Melanie has long been involved in children’s issues. Beginning in law school, Melanie served as a guardian ad litem for children. Then, as an associate, Melanie began to represent children in foster care as part of her pro bono commitment. At that time, Melanie learned that there was a Florida statute providing that children who were in foster care when they reached the age of 18 could get free tuition to a Florida state college as well as a monthly stipend for living expenses. But because very few foster children or parents knew of this program or how to take advantage of it, many foster children who turned 18 were moved out of the foster system and became homeless.

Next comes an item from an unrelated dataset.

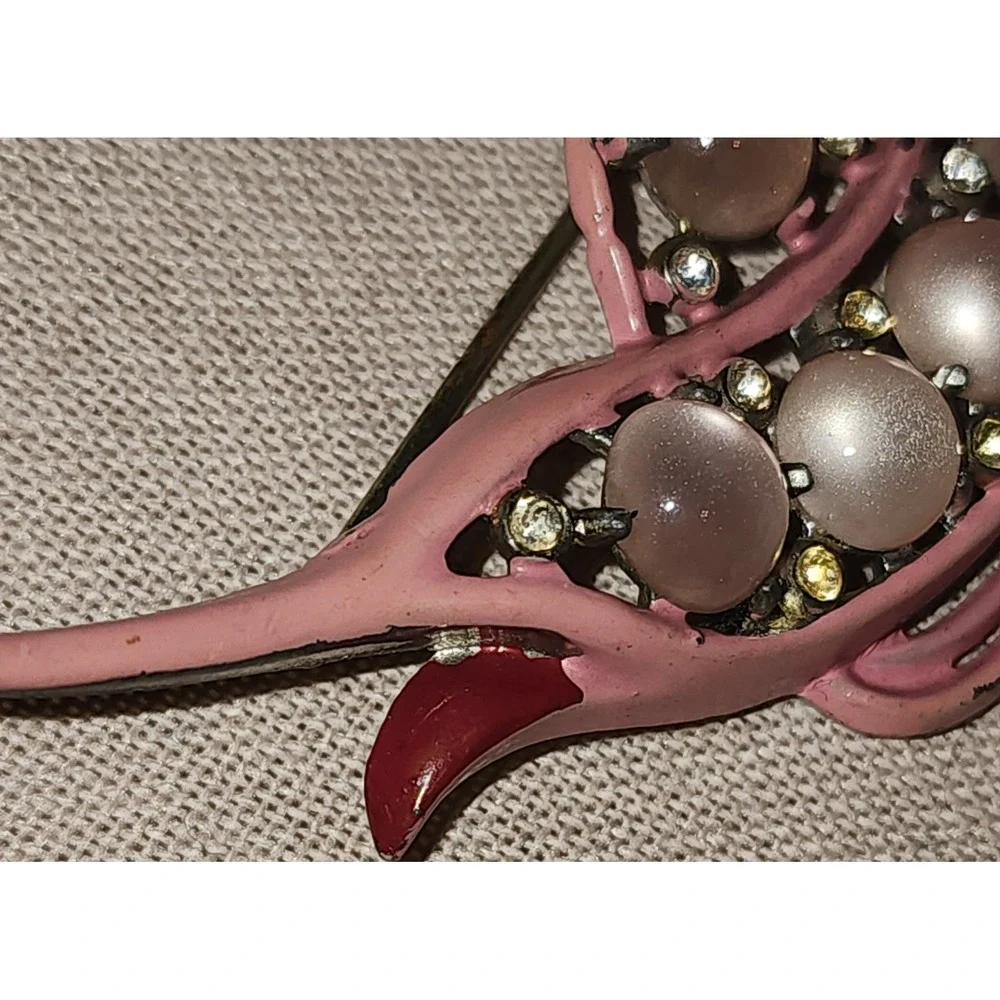 Rare VTG Pink Enamel Swordfish Marlin Brooch Moonstone Rhinestone Nautical READ - Picture 7 of 7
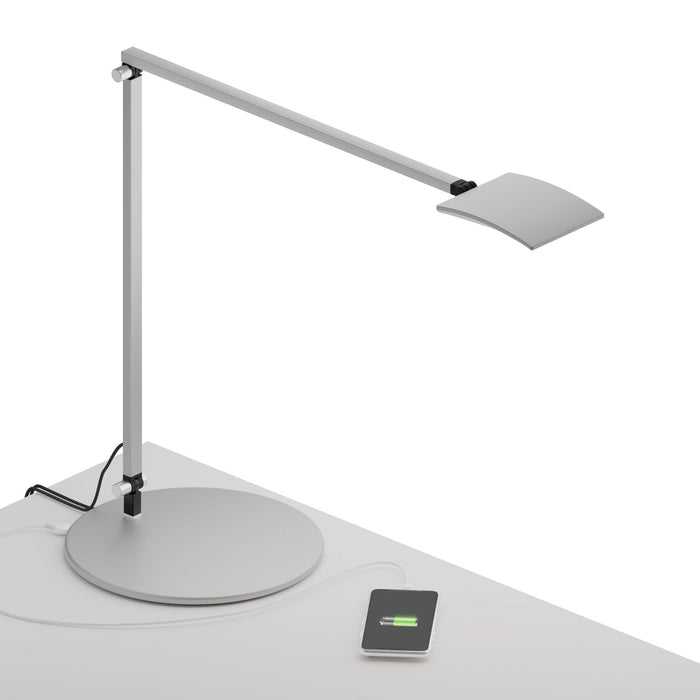 Mosso Pro LED Desk Lamp in Silver/USB Base.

To help solve this problem, Melanie began work on an information campaign to inform the foster community about the program. Fortuitously, around the same time, Melanie’s sister, Virginia Emmons McNaught, was returning from service in the Peace Corps. Together, and with a collective passion for children’s education, Melanie and Virginia founded a nonprofit called Educate Tomorrow. Educate Tomorrow is committed to its mission to make education an attainable goal for the most disadvantaged in our world so that all may be afforded the possibilities that can be achieved through learning. Melanie is the chairman of the board of Educate Tomorrow and has been involved with the organization since 2002. Until recently, Virginia was Educate Tomorrow’s executive director.
Initially, Educate Tomorrow’s programs were designed to help foster children fill out the paperwork necessary to take advantage of the college tuition program. Over time, however, Educate Tomorrow has expanded its programs to include educational and life skills camps and mentoring programs. These programs are designed to motivate foster children to want to go to college and to understand its benefits as well as to encourage children to consider their options and address life’s challenges.
Recently, Melanie and Educate Tomorrow took their mission to a new level. Through her experience with Educate Tomorrow, Melanie realized that by the time the foster children reach high school, they are often already very far behind. Melanie and Educate Tomorrow desired to move from curative to preventive solutions. One day four years ago, during her drive to work, Melanie heard about the Seed School in Washington, D.C., which educates at-risk youth (including foster children) from sixth through twelfth grade. Ninety-seven percent of their graduates go on to a four-year college. Shortly thereafter, Melanie visited the Seed School with her sister. The idea of establishing a similar school in Florida made perfect sense economically. The state of Florida pays approximately $30,000 per year for each child in foster care. Educate Tomorrow argues that those funds would be better spent for certain older children to attend a boarding school with an environment carefully tailored to their needs.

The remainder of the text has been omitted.